### AIM OF THE EXERCISE
Given the records below, would you repeat exactly the lines that begin at the one containing "Şehitler dualarla anıldı" and end at the one containing "комерційна за адресою Зоологічна вул., 10", inclusive?

### INFORMATION SUPPLIED
++++++++++
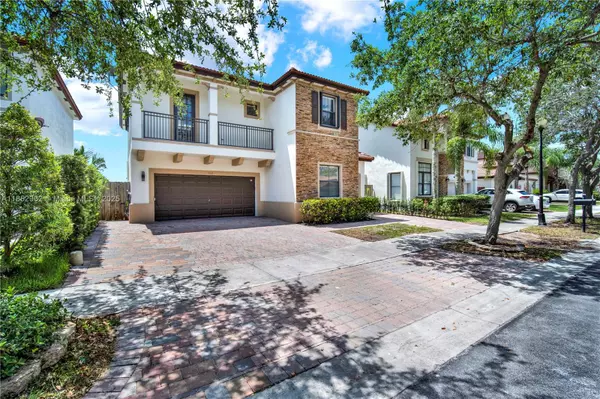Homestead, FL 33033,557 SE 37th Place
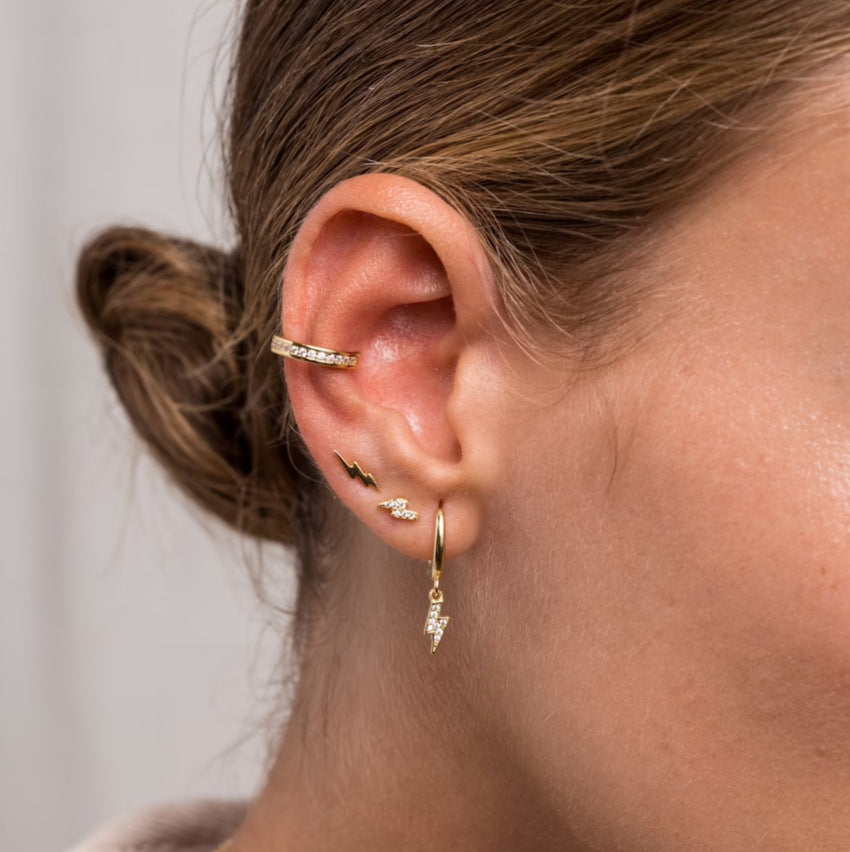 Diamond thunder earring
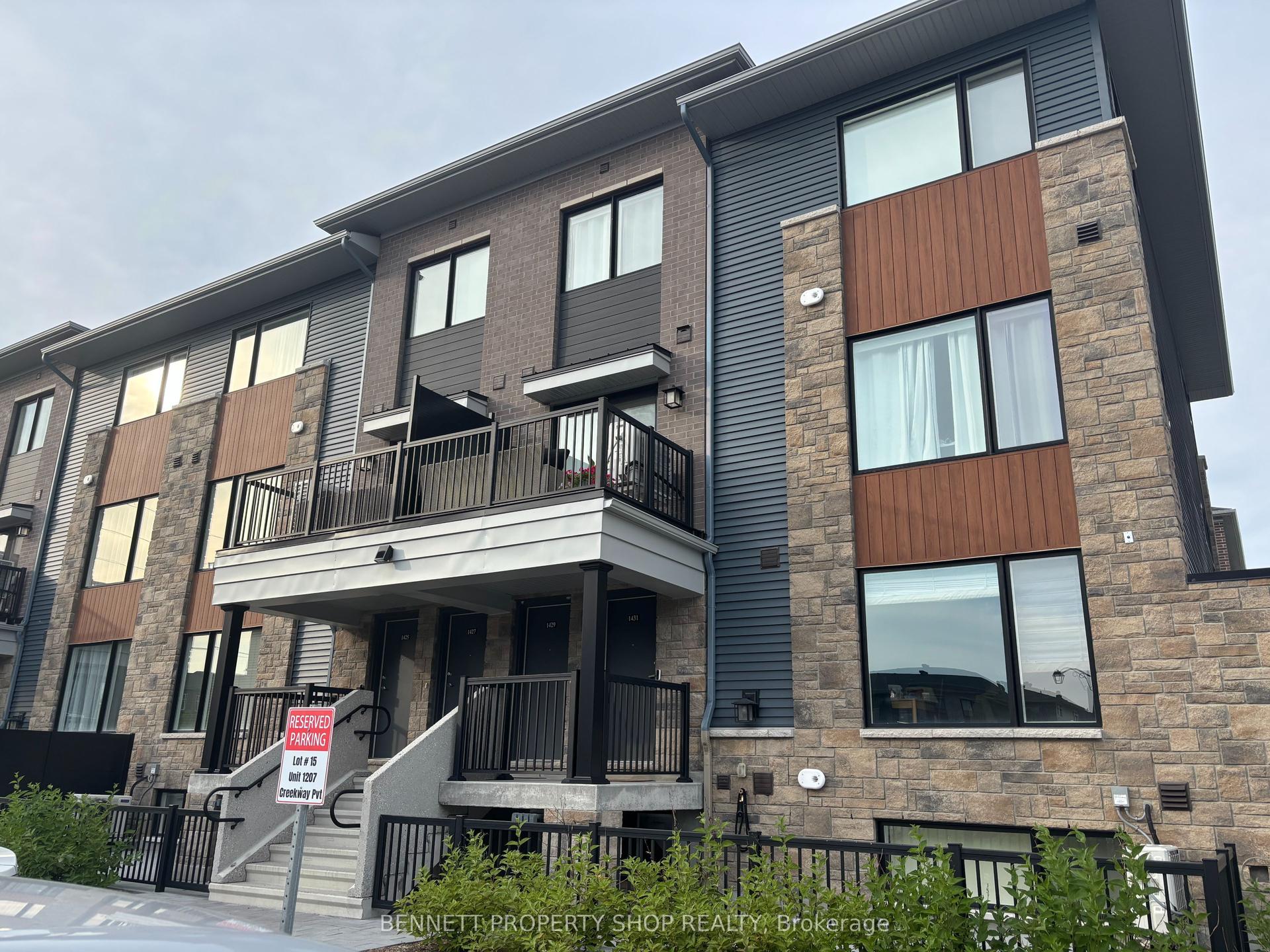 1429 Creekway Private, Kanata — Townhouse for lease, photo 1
++++++++++
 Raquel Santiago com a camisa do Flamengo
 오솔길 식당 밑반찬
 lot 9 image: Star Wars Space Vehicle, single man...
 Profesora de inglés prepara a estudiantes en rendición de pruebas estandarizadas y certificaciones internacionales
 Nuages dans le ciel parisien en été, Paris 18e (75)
++++++++++
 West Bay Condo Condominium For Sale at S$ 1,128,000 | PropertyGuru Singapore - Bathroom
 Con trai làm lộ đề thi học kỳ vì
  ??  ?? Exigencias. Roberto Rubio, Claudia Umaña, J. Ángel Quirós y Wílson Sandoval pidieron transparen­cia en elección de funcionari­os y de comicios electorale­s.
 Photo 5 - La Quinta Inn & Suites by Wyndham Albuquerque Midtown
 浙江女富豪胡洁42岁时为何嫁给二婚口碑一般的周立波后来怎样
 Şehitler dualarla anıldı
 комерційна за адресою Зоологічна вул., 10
++++++++++
### EXERCISE OUTPUT
 Şehitler dualarla anıldı
 комерційна за адресою Зоологічна вул., 10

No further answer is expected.